• ABOUT THIS TASK:
An exact repetition of the data below, without images, is the expected answer.

• AVAILABLE DATA:
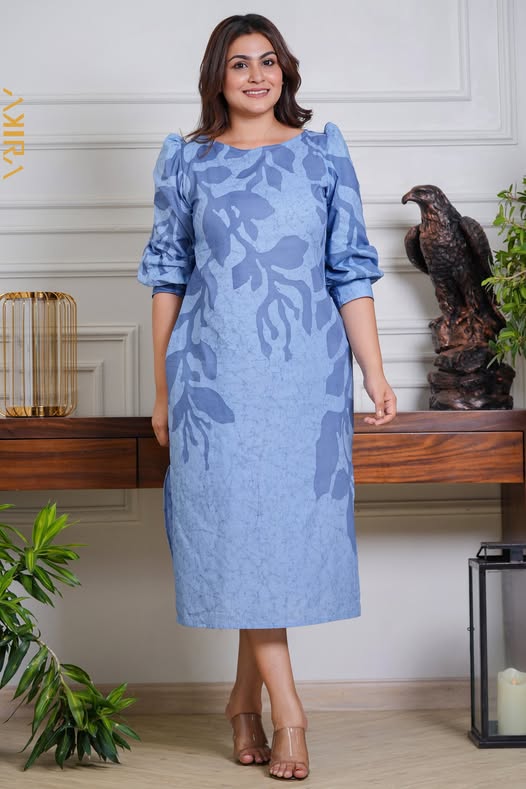 Chill aura batik dress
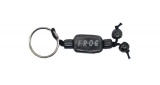 FROG (Fully Rely On God) Black Ceramic Keyring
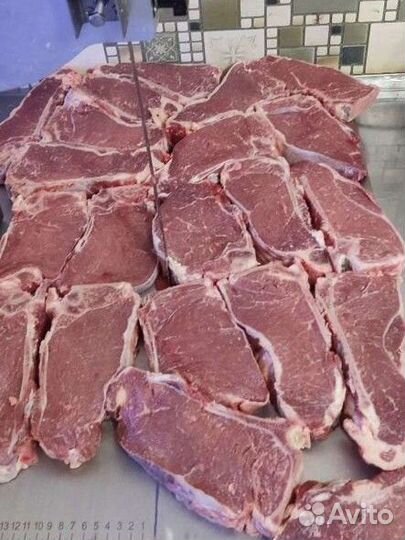 Стейки Стриплойн в маринаде Халяль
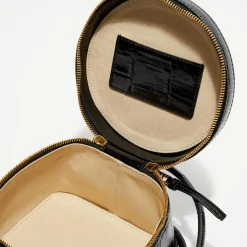 Sac mallette en Cuir Le Vanito noir - 11.5x15.5x15.5 cm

• THE COMPLETED TASK:
 Chill aura batik dress
 FROG (Fully Rely On God) Black Ceramic Keyring
 Стейки Стриплойн в маринаде Халяль
 Sac mallette en Cuir Le Vanito noir - 11.5x15.5x15.5 cm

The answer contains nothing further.